SOURCE MATERIAL:

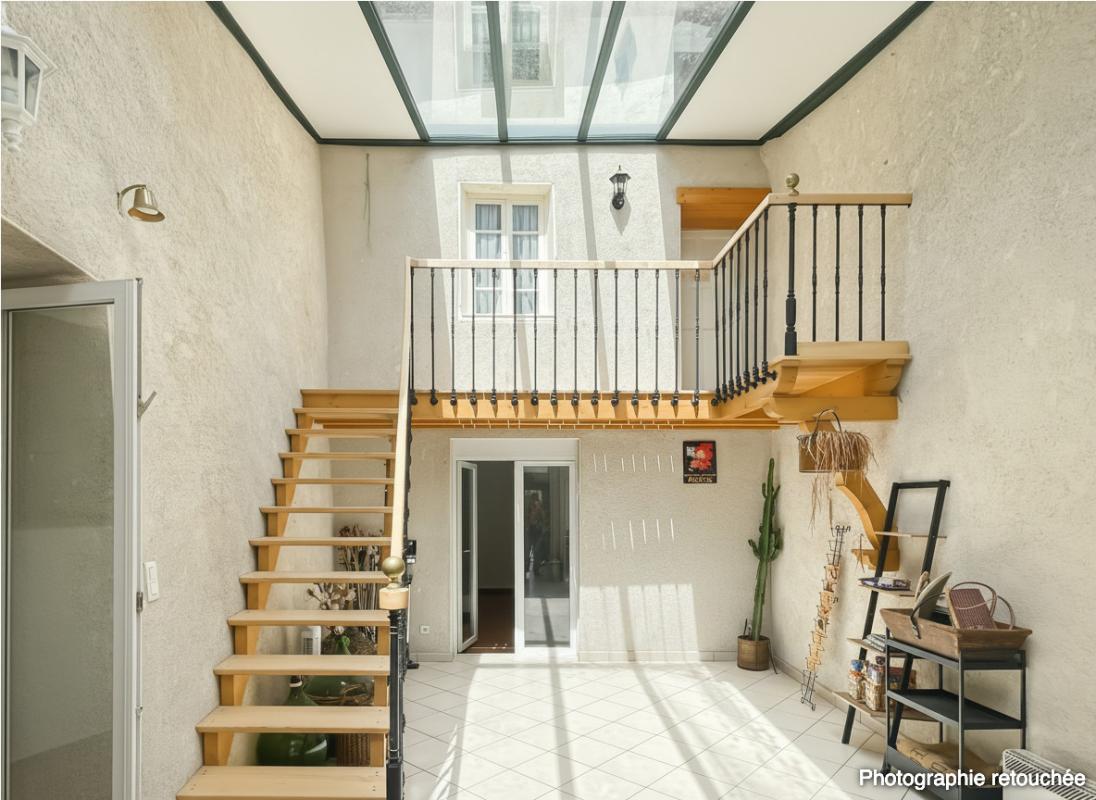 ARBOIS Immeuble - appartement duplex et commerce - 347 m2 - 4 chambres 5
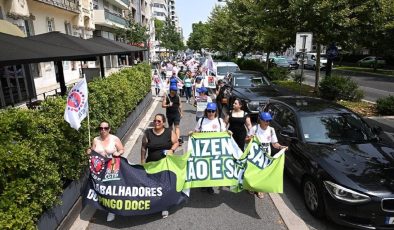 Portekiz’de işçiler, fiyat artışlarına karşı zam talebiyle gösteri yaptı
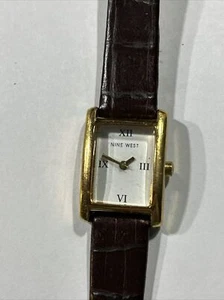 Orologio Nove West Donna Tono Oro Rettangolo Bisogna Batteria Per Parti - Foto 1 di 9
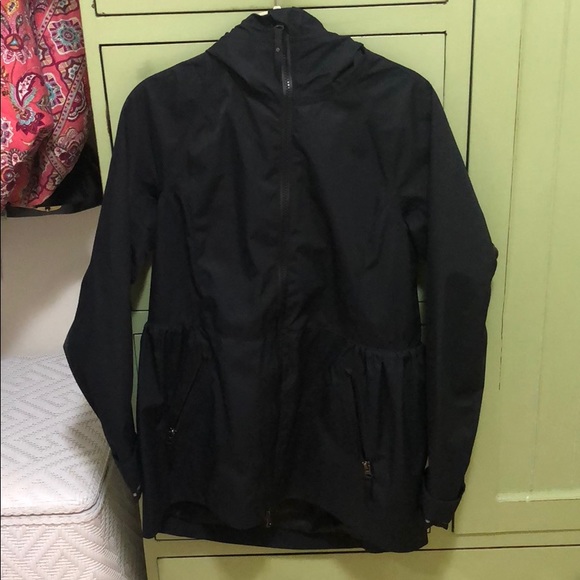 lululemon black raincoat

TASK OBJECTIVE: For this exercise, return the material word for word and drop each image.

RESPONSE TO THE TASK:
 ARBOIS Immeuble - appartement duplex et commerce - 347 m2 - 4 chambres 5
 Portekiz’de işçiler, fiyat artışlarına karşı zam talebiyle gösteri yaptı
 Orologio Nove West Donna Tono Oro Rettangolo Bisogna Batteria Per Parti - Foto 1 di 9
 lululemon black raincoat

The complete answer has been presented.